---------- Supplied information ----------

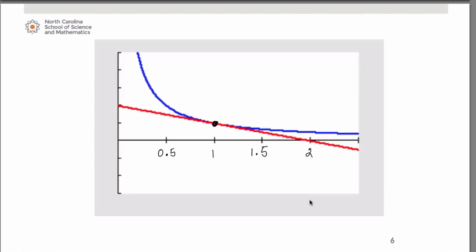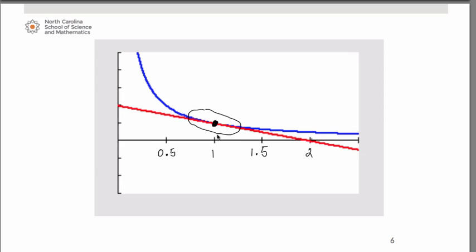Graphically, the blue curve is 1 over x and the red linear function is negative x plus 2. At the point of tangency, for values of x very close to 1, there is almost no distinction between the curve and the tangent line. As you move farther from 1 — say around x equals 0.5 or x equals 2 — the difference between the original curve and the tangent line becomes more pronounced. Staying close to 1 lets you approximate curve values with the simple linear equation.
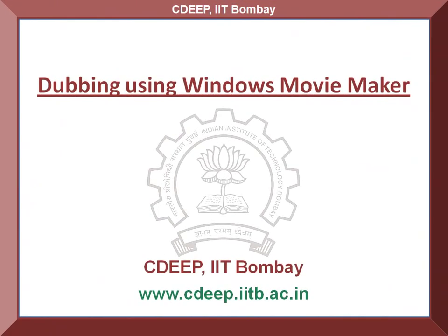So you see, by following this procedure, you will be able to create dubbed versions of any spoken tutorial or movie clip in a few simple steps. Hope you find this information helpful. This is Nancy from C-Deep IIT Bombay signing off. Thank you for watching.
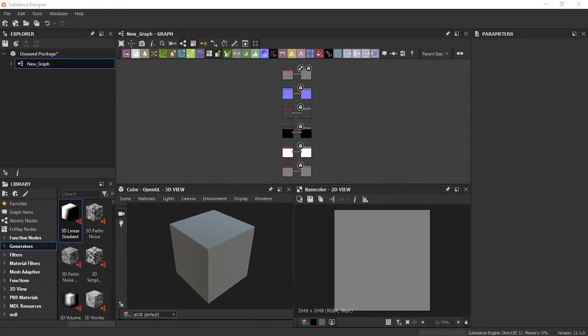Hello everyone, I'm Zeeshan Shah and welcome to Zee Interactive. Let's start our new exciting Substance Designer Essentials Series with chapter one, which is Introduction to Substance Designer. We will go through our first lesson which is about panels. In this lesson we will briefly go through different panels in Substance Designer.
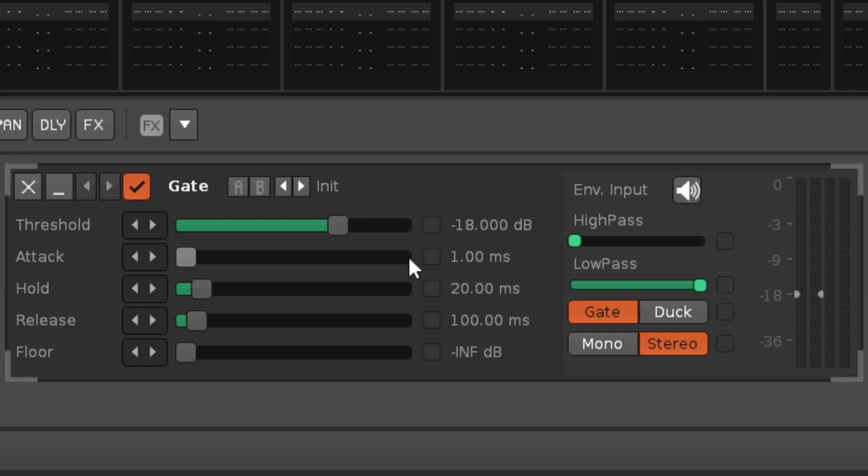If the gate is open and the signal volume falls back under the threshold, the hold parameter determines how long the gate will be held open, delaying the release phase.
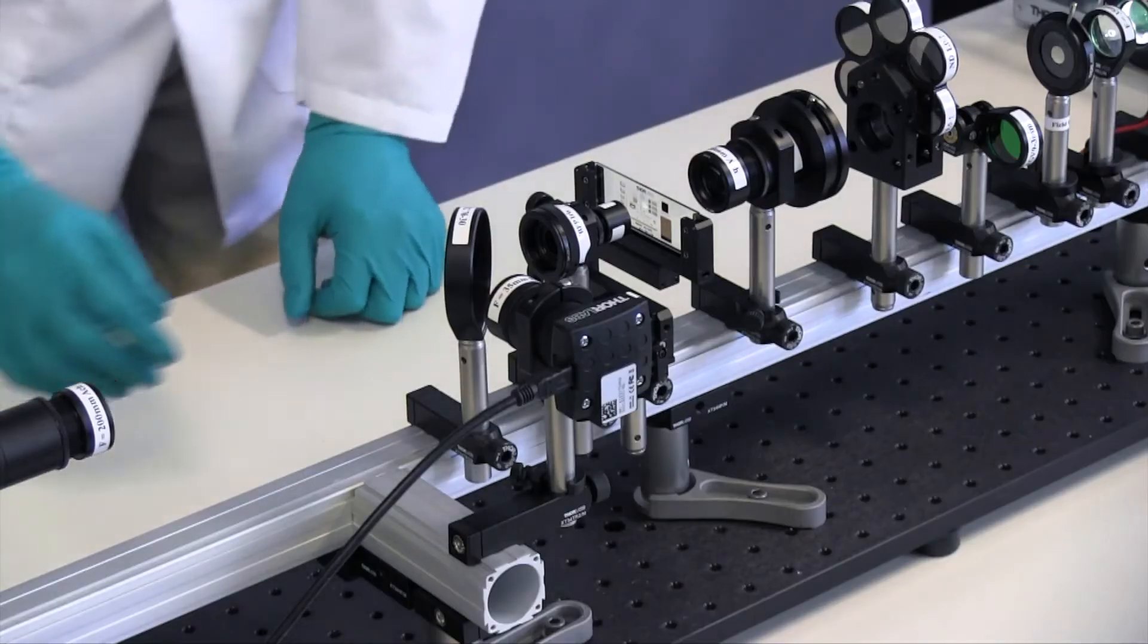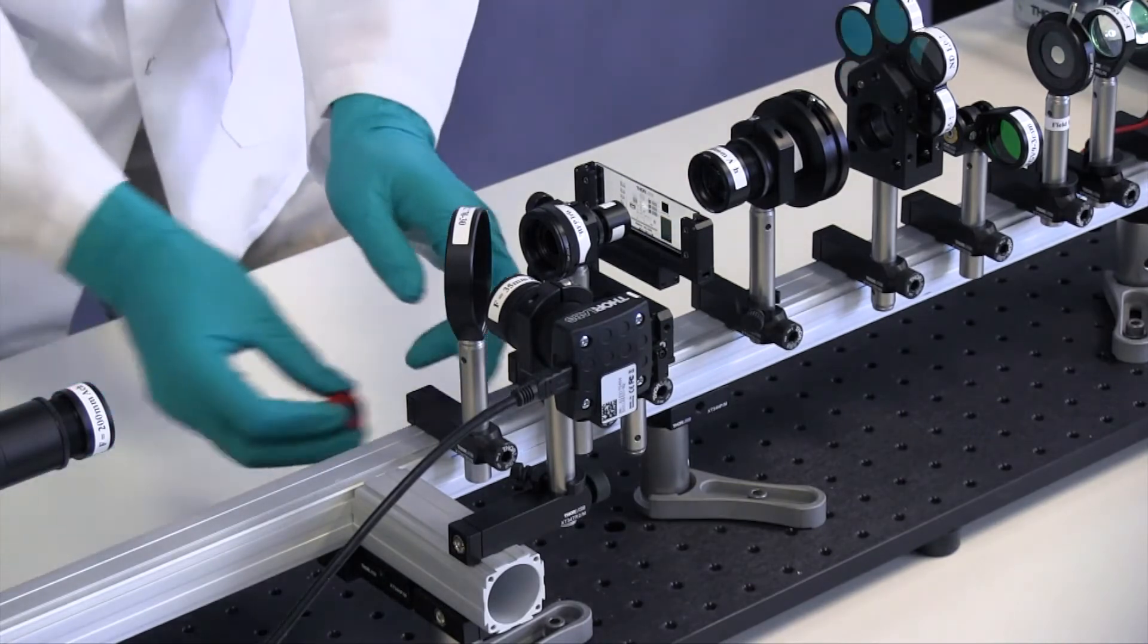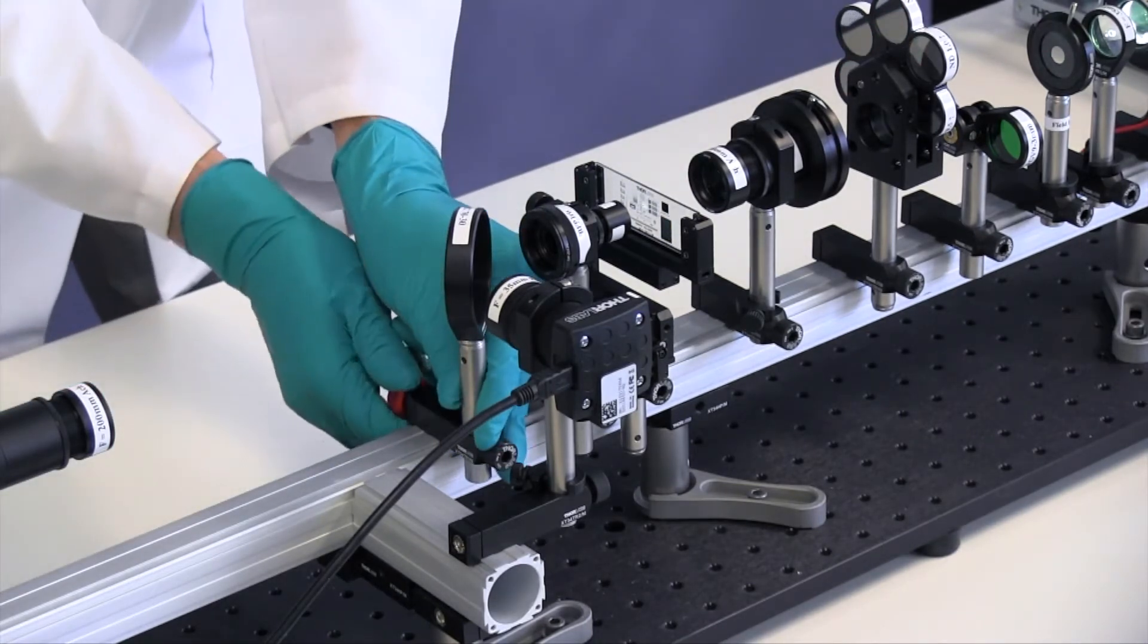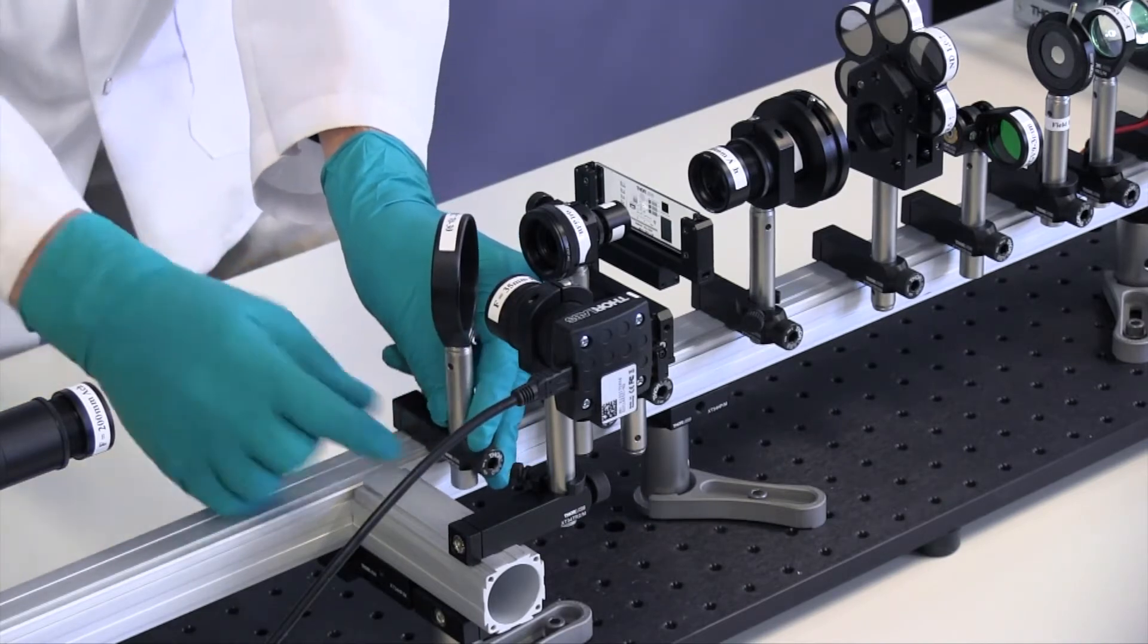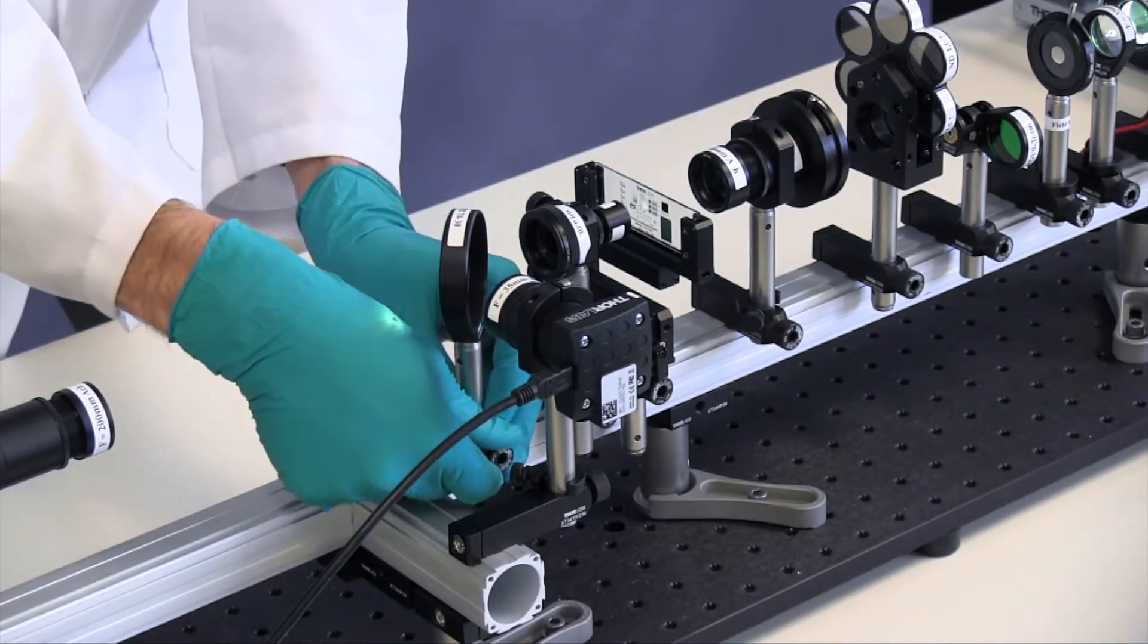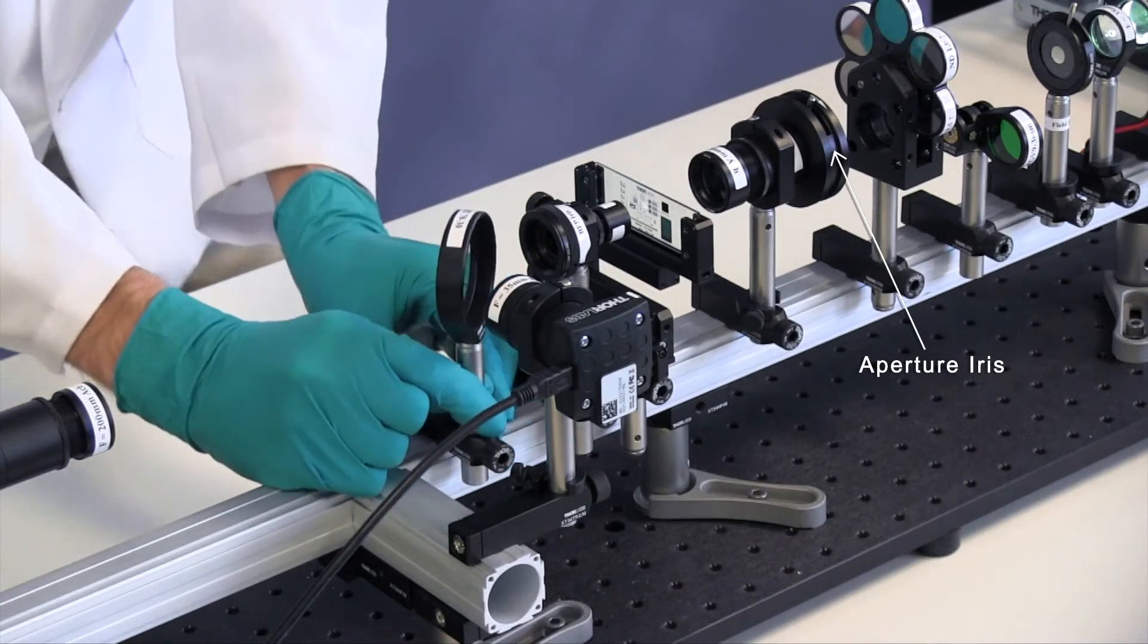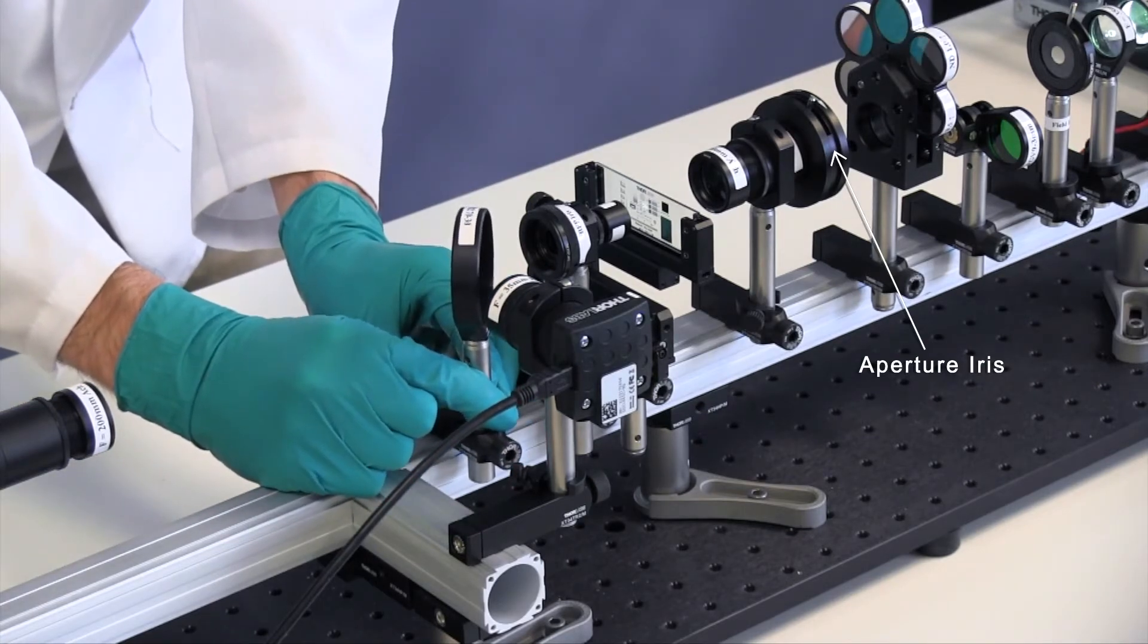Make sure the color camera is perpendicular to the rail. Adjust the position and angle of the beam splitter until you can see the light on the camera. Close down the aperture iris until it is slightly open and increase the exposure if needed.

----------

▶ Work item
Leaving out the pictures, restate the listing above exactly.

▶ Reply to the task
Graphically, the blue curve is 1 over x and the red linear function is negative x plus 2. At the point of tangency, for values of x very close to 1, there is almost no distinction between the curve and the tangent line. As you move farther from 1 — say around x equals 0.5 or x equals 2 — the difference between the original curve and the tangent line becomes more pronounced. Staying close to 1 lets you approximate curve values with the simple linear equation.
So you see, by following this procedure, you will be able to create dubbed versions of any spoken tutorial or movie clip in a few simple steps. Hope you find this information helpful. This is Nancy from C-Deep IIT Bombay signing off. Thank you for watching.
Hello everyone, I'm Zeeshan Shah and welcome to Zee Interactive. Let's start our new exciting Substance Designer Essentials Series with chapter one, which is Introduction to Substance Designer. We will go through our first lesson which is about panels. In this lesson we will briefly go through different panels in Substance Designer.
If the gate is open and the signal volume falls back under the threshold, the hold parameter determines how long the gate will be held open, delaying the release phase.
Make sure the color camera is perpendicular to the rail. Adjust the position and angle of the beam splitter until you can see the light on the camera. Close down the aperture iris until it is slightly open and increase the exposure if needed.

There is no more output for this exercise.